Making better business decisions

Al Sisto

Blog by: Al Sisto - 8 / Feb / 2017

Whether a start-up or multi-national, organisations of all sizes face the constant challenge of making reliable, consistent and faster decisions to stay ahead of the competition and adapt to changing industry dynamics.

Sometimes, the methods we use to make decisions create additional challenges from the start. Here are a few ways to ensure you make well-informed decisions…

Learn to live with uncertainty

No amount of data and research can completely eliminate the doubt about what’s going to happen. Almost all of forecasting is using the past, or sample data, to predict the future. Remember that decisions are based on probability. Don’t wait for absolute certainty because you’ll almost never get it and delaying a decision can sometimes be more damaging than making the wrong one. Work for the educated guess and make your guesses as educated as you possibly can.

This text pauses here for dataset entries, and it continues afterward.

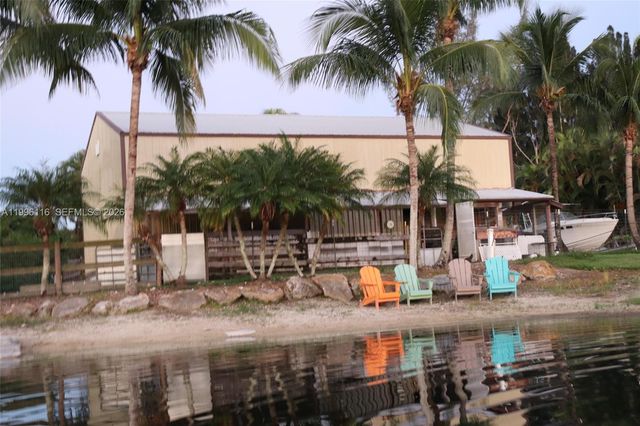18901 SW 63rd St, Southwest Ranches, FL 33332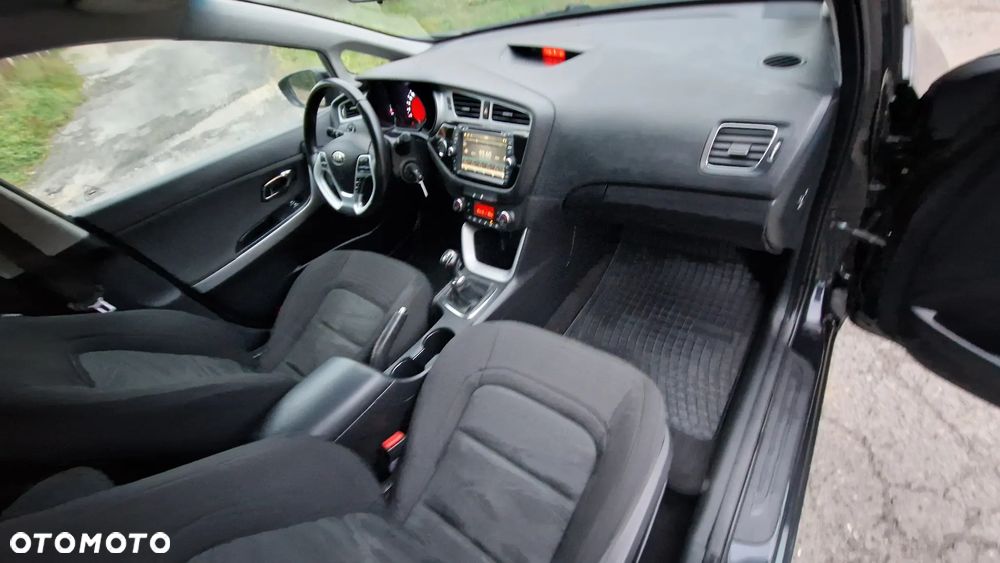 Kia Ceed 1.6 GDI Platinum Edition - 25
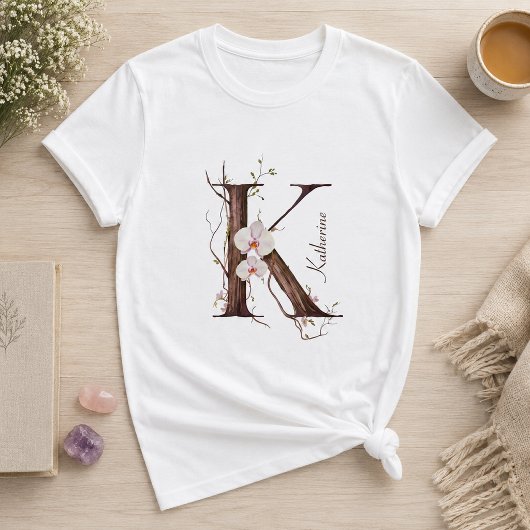 Elegant Monogram "K" met Pastel Orchideeën & Wijnr T-shirt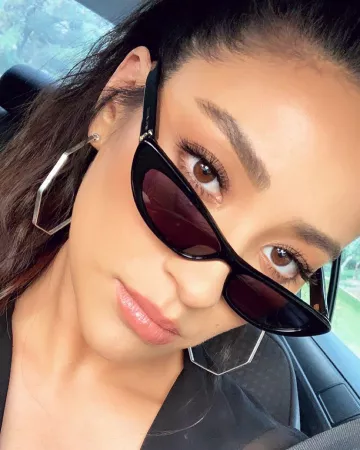 The creoles of hex Shay Mitchell on the account Instagram of @shaymitchell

Accept not every decision is yours to make

In the early days of a startup, everybody shares decisions. As a business grows, by necessity, it develops departmental expertise. If you’re doing your recruitment well then you’ll have surrounded yourself with functional experts who really do know more about their subject areas than you. So, let the marketing people decide the colours for the packaging, and the finance people decide how to fund working capital. And you as the owner, ultimately, have to decide strategy.

Take a break

When faced with a tough decision, step away from your desk and take time to collect your thoughts and reflect. Give yourself time to go for a run, take the dog for a walk or even have a nap – whatever allows you to refocus on the big picture. This will ensure you’re in the right frame of mind to make a difficult decision.

Separate your emotions

When tensions and emotions are inevitably running high, don’t react impulsively. Weigh the pros and cons, and ultimately consider the long-term effects of a decision. Sometimes the right thing to do is do change a course of action that will cost your company thousands of pounds. At one point in my career I had to scrap a multi-million pound research project, as it simply wasn’t getting the results we needed. It was a tough decision as the team had invested so much time, energy and emotion into the project, but the bottom line was, it wasn’t good enough and never would be.

Commit to a decision

Once you set on a decision, own it. See it through and if it happens to have been a mistake, keep moving forward and take the appropriate steps to correct your course. Not every decision will be perfect. But at the end of the day, all you can do is make the most well informed choice given the data and information you have at your fingertips.